→ What to work on: If a line below falls between the line with "black cat with green and yellow beans" and the line with "土師川３2026/04/05 3:30:00", or is one of those two, output it exactly; output nothing else and no pictures.

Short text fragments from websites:
※

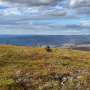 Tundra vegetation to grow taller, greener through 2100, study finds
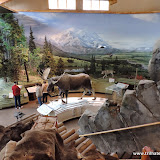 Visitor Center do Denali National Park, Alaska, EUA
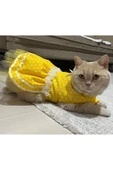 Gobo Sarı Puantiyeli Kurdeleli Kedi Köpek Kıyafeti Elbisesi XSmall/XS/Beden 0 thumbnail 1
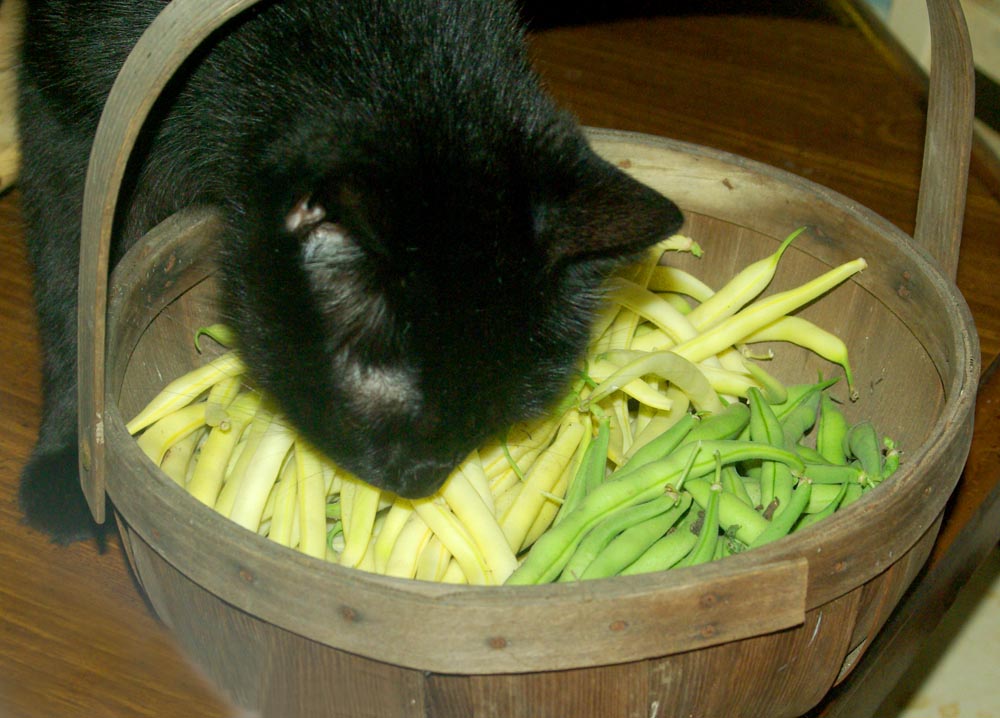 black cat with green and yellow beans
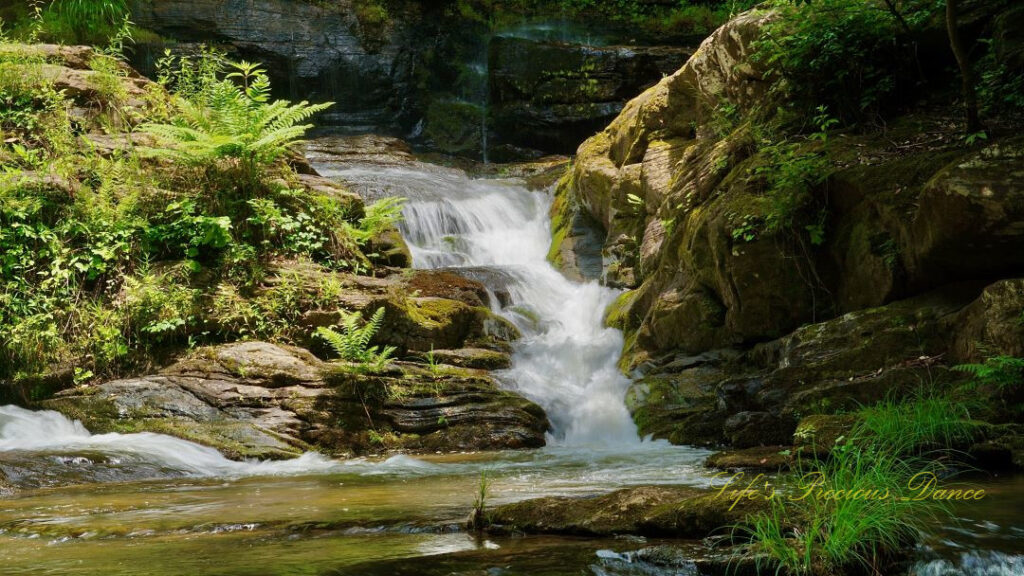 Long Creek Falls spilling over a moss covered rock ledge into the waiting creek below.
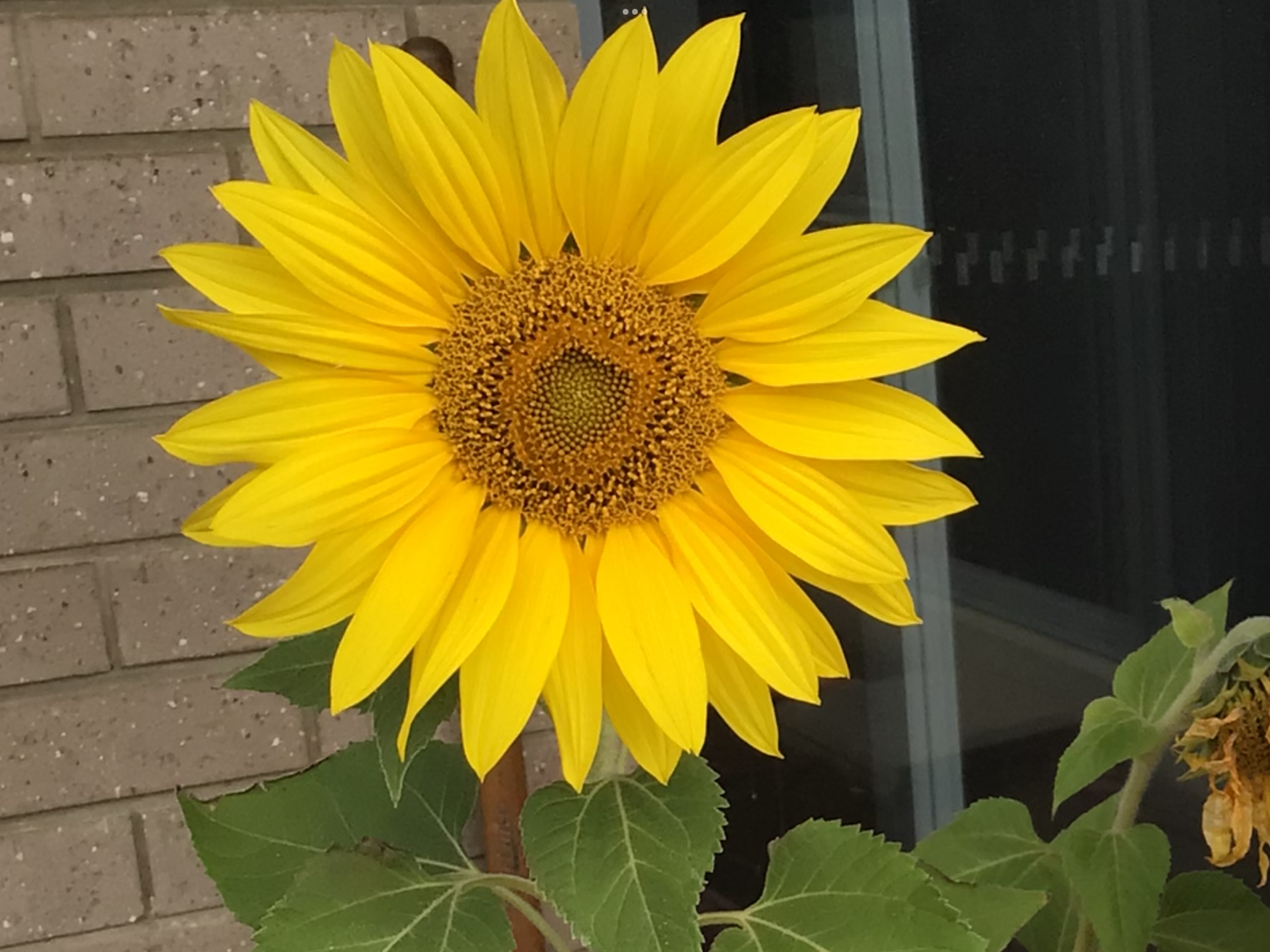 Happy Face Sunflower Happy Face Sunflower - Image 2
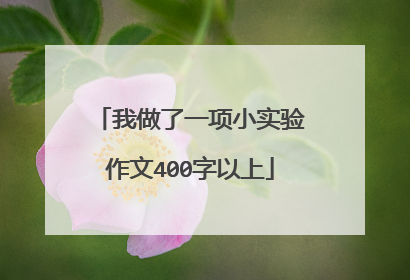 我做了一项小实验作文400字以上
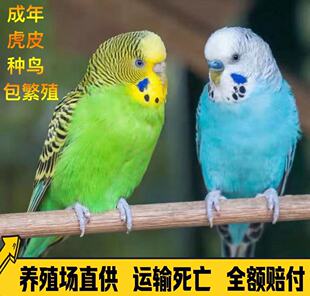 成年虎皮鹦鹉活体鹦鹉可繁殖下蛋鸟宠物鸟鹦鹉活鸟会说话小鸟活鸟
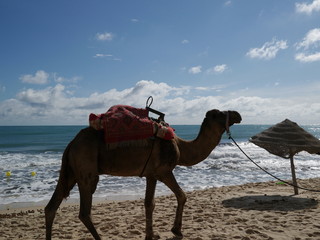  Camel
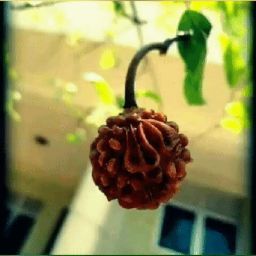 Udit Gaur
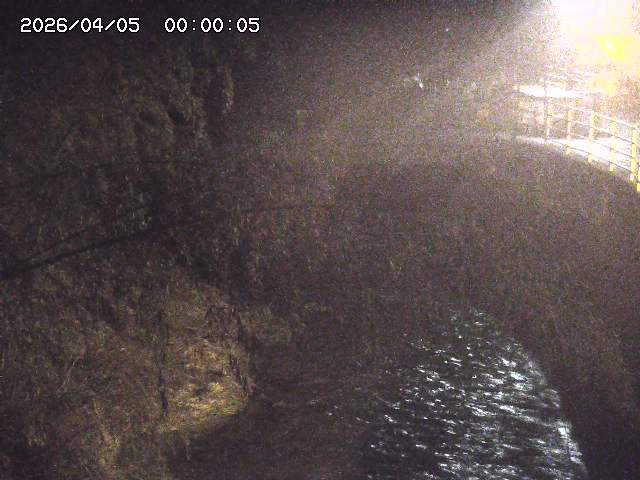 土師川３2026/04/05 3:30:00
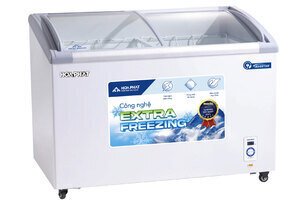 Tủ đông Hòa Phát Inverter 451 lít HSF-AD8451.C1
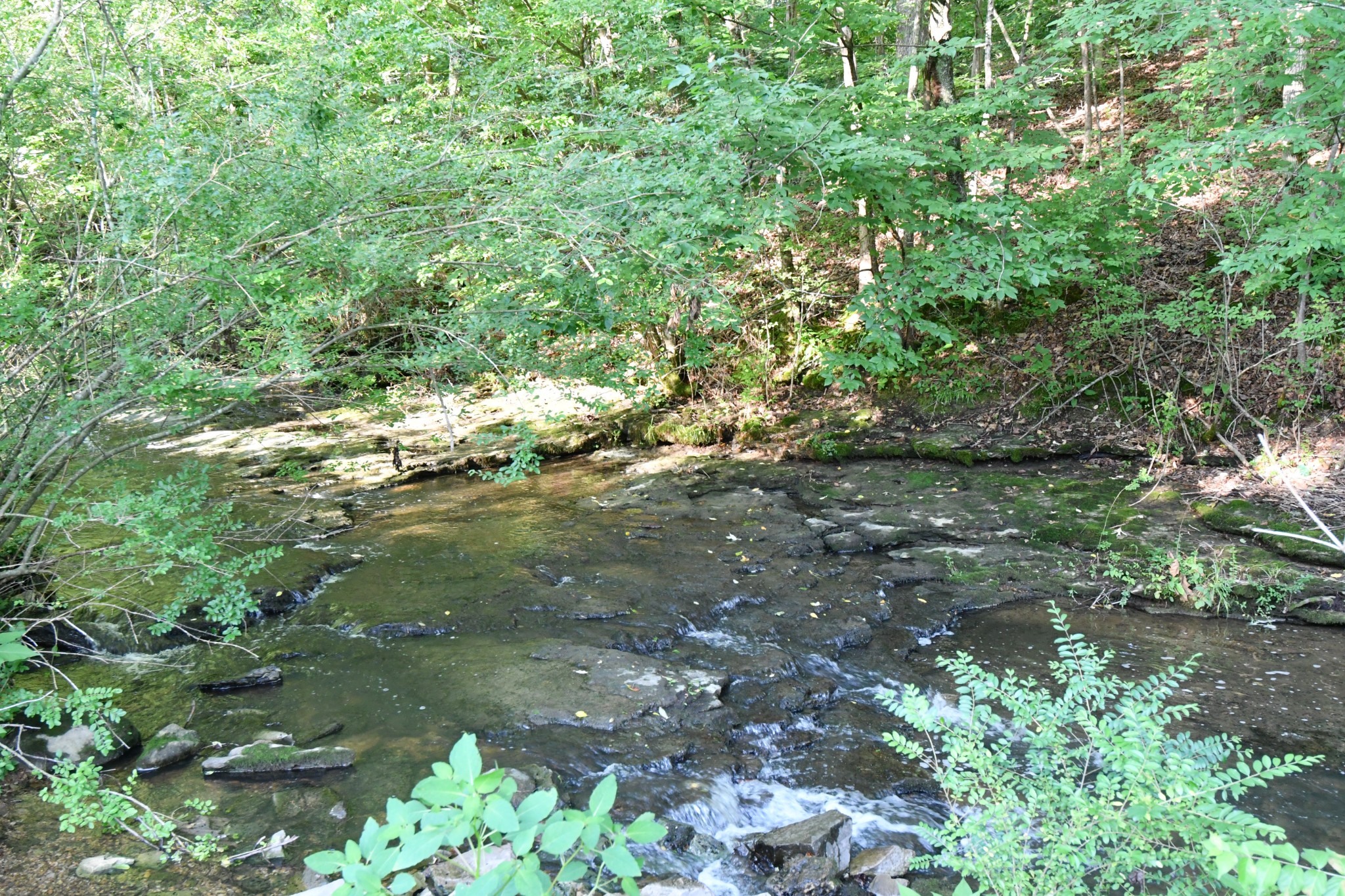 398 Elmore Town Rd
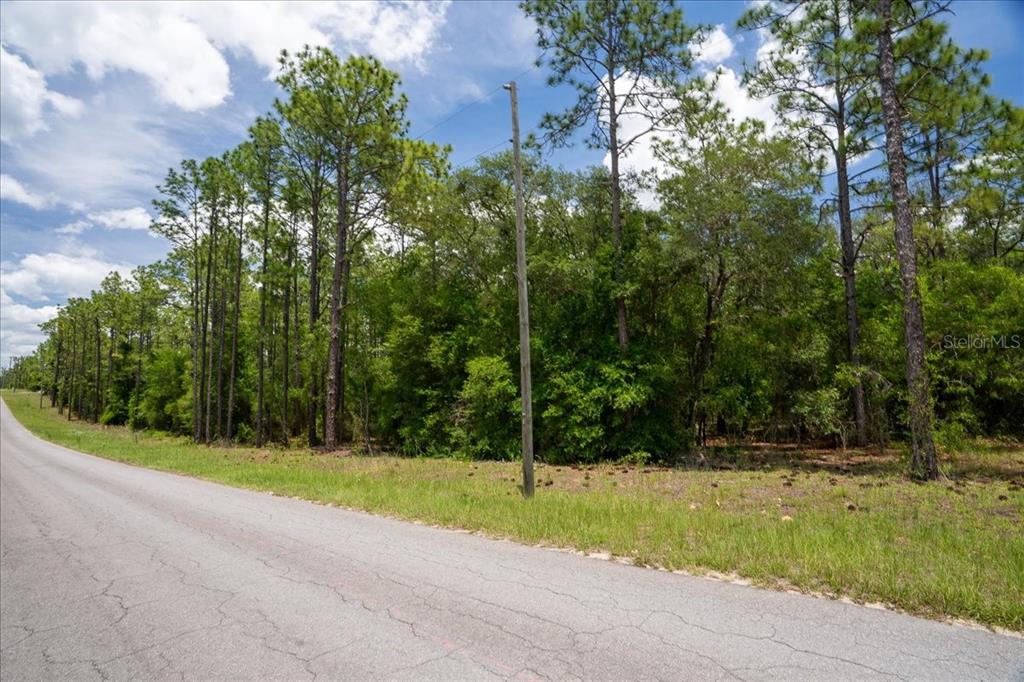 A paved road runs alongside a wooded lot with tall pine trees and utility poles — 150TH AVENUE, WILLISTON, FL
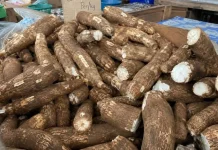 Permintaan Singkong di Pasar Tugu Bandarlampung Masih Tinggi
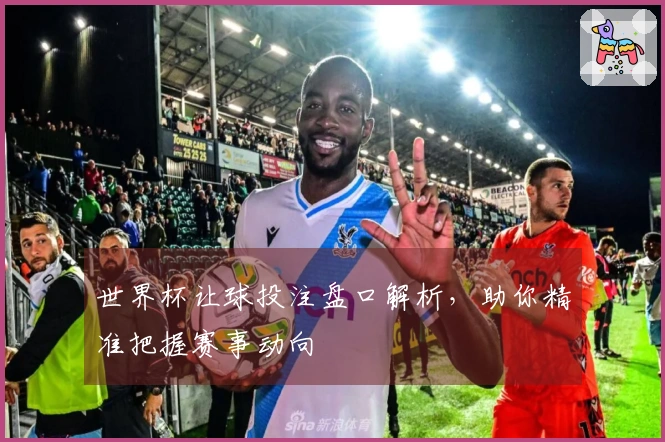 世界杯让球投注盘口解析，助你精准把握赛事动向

※

→ Answer for the task:
 black cat with green and yellow beans
 Long Creek Falls spilling over a moss covered rock ledge into the waiting creek below.
 Happy Face Sunflower Happy Face Sunflower - Image 2
 我做了一项小实验作文400字以上
 成年虎皮鹦鹉活体鹦鹉可繁殖下蛋鸟宠物鸟鹦鹉活鸟会说话小鸟活鸟
  Camel
 Udit Gaur
 土師川３2026/04/05 3:30:00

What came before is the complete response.